> WHAT TO WORK ON:
Begin at the line with "Brass glass holder" and return each line through the final one of the listing below, exactly as written.

> SUPPLIED MATERIAL:

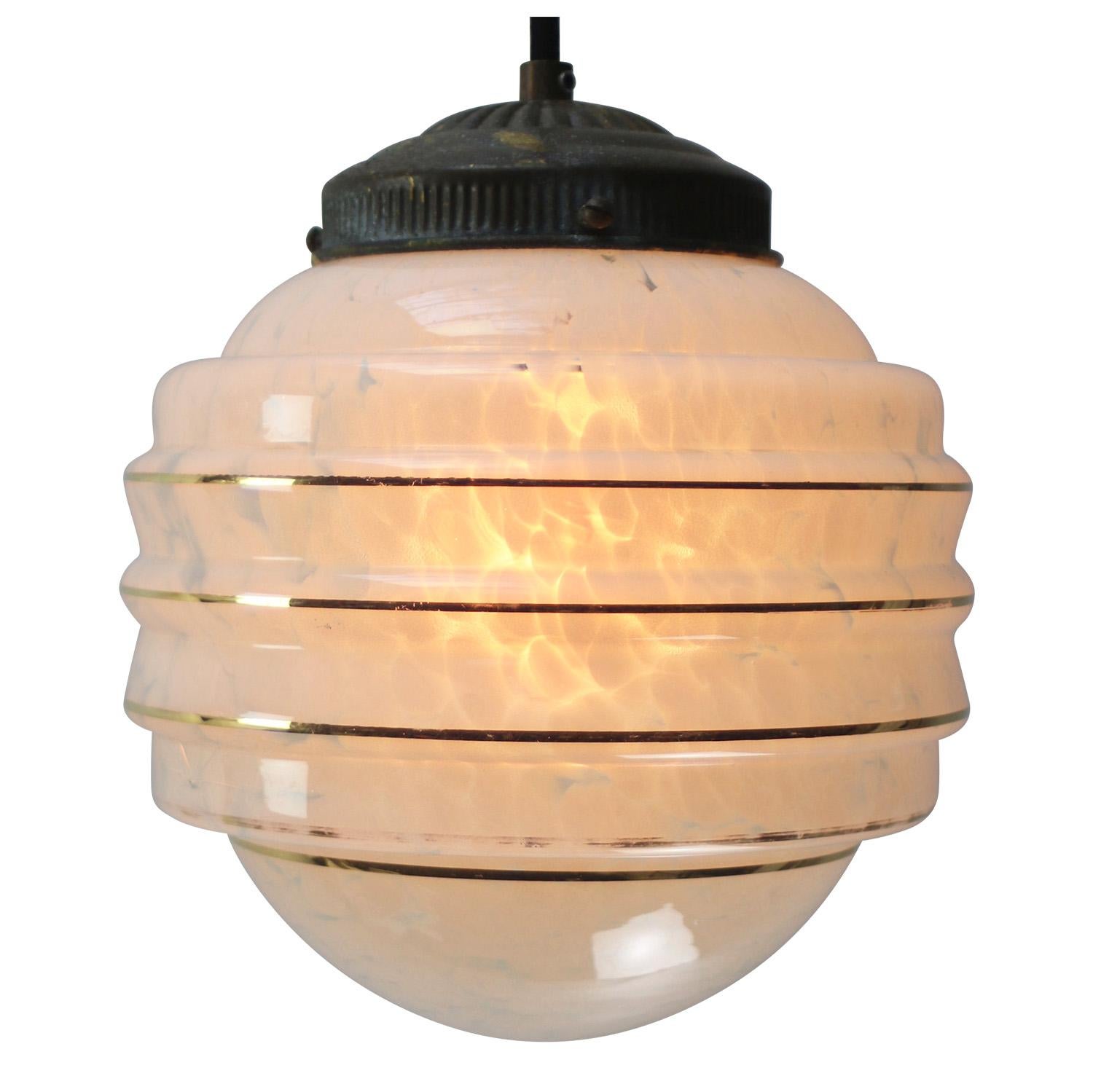 French Art Deco “Clichy” blue coloured, gold striped, glass pendant lamp 1920s
Brass glass holder

Weight : 0.90 kg / 2 lb

Priced per individual item. All lamps have been made suitable by international standards for incandescent light bulbs,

> SOLVED PROBLEM:
Brass glass holder

Weight : 0.90 kg / 2 lb

Priced per individual item. All lamps have been made suitable by international standards for incandescent light bulbs,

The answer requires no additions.